Sfida salvezza al Vanni Sanna, Torres in campo alle 20.30
Quella di oggi contro il Gubbio sarà la partita più importante dell’anno
Sassari Sa quello che vuole, sa soprattutto ciò che è necessario fare. Tra la Torres e la salvezza diretta c’è solamente il Gubbio, che oggi 18 aprile fa visita ai sassaresi sul prato dell’Acquedotto. Alle 20,30 in uno stadio “Vanni Sanna” che dovrà avere una temperatura adeguata all’importanza della gara, i ragazzi di Alfonso Greco avranno la possibilità di chiudere definitivamente il discorso.

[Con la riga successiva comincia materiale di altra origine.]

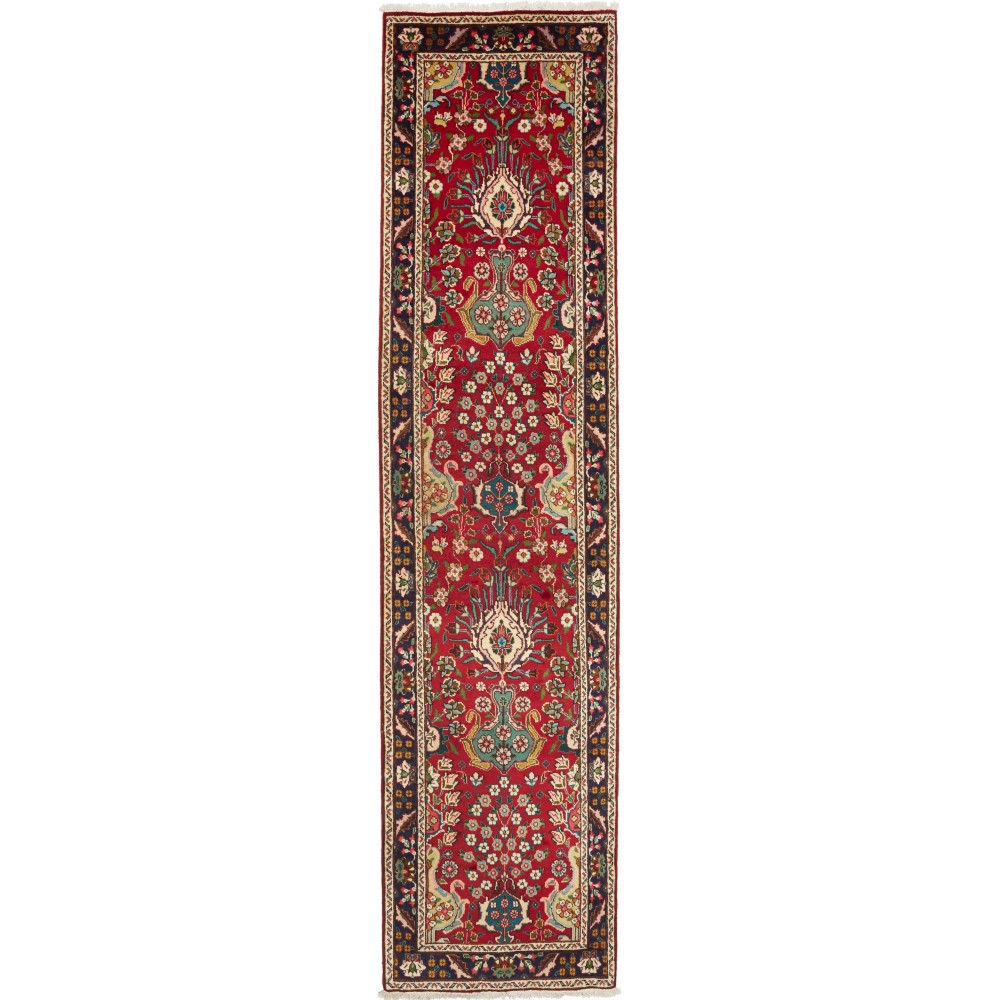 Tappeto Tabriz Persia marrone giallo 80x343 Tappeto Tabriz Persia marrone giallo 80x343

Una vittoria terrebbe come minimo a 4 punti Bra e Sambenedettese, rendendo i sassaresi irraggiungibili dalle due dirette concorrenti a prescindere dai risultati delle rispettive gare. E leverebbe i rossoblù dal non sottovalutabile impiccio di dover andare a caccia di punti nell’ultimissima gara, in casa di un Arezzo impegnato nella corsa alla promozione diretta. E pensare che la Torres ha lasciato per strada un numero enorme di punti che avrebbe meritato.

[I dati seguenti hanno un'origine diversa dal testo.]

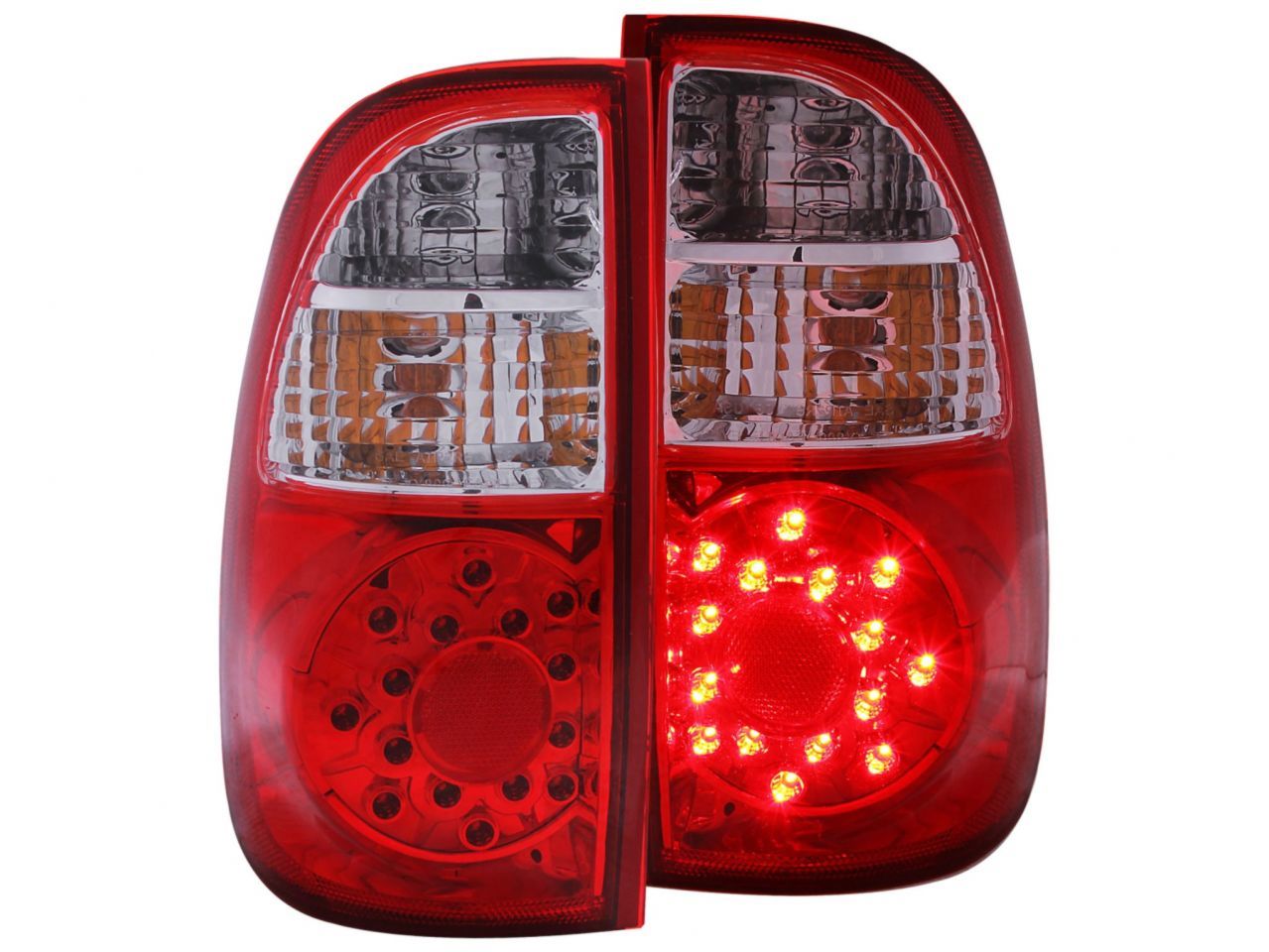 Anzo 2005-2006 Toyota Tundra LED Taillights Red/Clear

«Dobbiamo pensare solo a questa gara, punto – ha chiarito non a caso mister Greco –. Ciò che è stato è stato, certo qualche punto ci manca. Però non serve pensare ai se e ai ma, l’importante è affrontare la gara con la giusta mentalità. Ci giochiamo tutti in 90 minuti, certo, ma da quando sono arrivato ogni gara per noi è stata una finale. La squadra in questo è preparata, ogni gara è fondamentale, mentre questa sarà decisiva. La squadra sa quello che deve fare. Ci siamo allenati e preparati come abbiamo sempre fatto. Dal punto di vista degli stimoli match come questo si preparano da soli. Il Gubbio ha giocatori importanti, ma siamo consapevoli di essere padroni del nostro destino. Se mi avessero detto, quando sono arrivato, che ci saremmo trovati in questa condizione, io penso che ci avremmo messo tutti la firma. Speriamo di concludere tutto nel migliore dei modi».

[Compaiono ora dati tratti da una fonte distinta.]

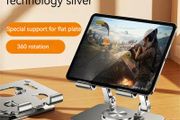 360 Rotation Tablet Stand for iPad, Adjustable Foldable Tablet Holder,Aluminum Phone Stand Compatible with iPad Pro/ Air/ Mini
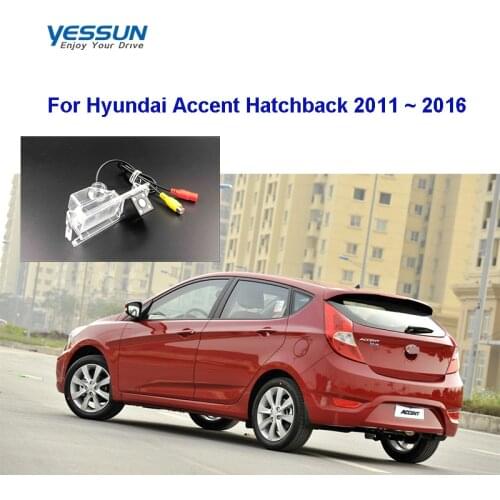 Yessun Rear View Camera For Hyundai Accent Hatchback 2011 ~2016 Backup Waterproof camera/ HD CCD Night Vision car camera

Greco non potrà contare su Nunziatini, infortunato, e Idda, squalificato. Obbligata dunque la scelta di Zanandrea, a completare il trio difensivo insieme ad Antonelli e Baldi.
Invariato il centrocampo, con Giorico e Mastinu play (ma quest’ultimo è acciaccato), Zecca e Zambataro esterni. Sul fronte offensivo, via libera a Di Stefano, Sala e Sorrentino.
E poi servirà la spinta del pubblico, già invocata in settimana dal presidente Stefano Udassi. «Sono sicuro che ci sarà una grande affluenza – dice Greco –, come è sempre stato nei match importanti. In questo momento c’è bisogno di tutti».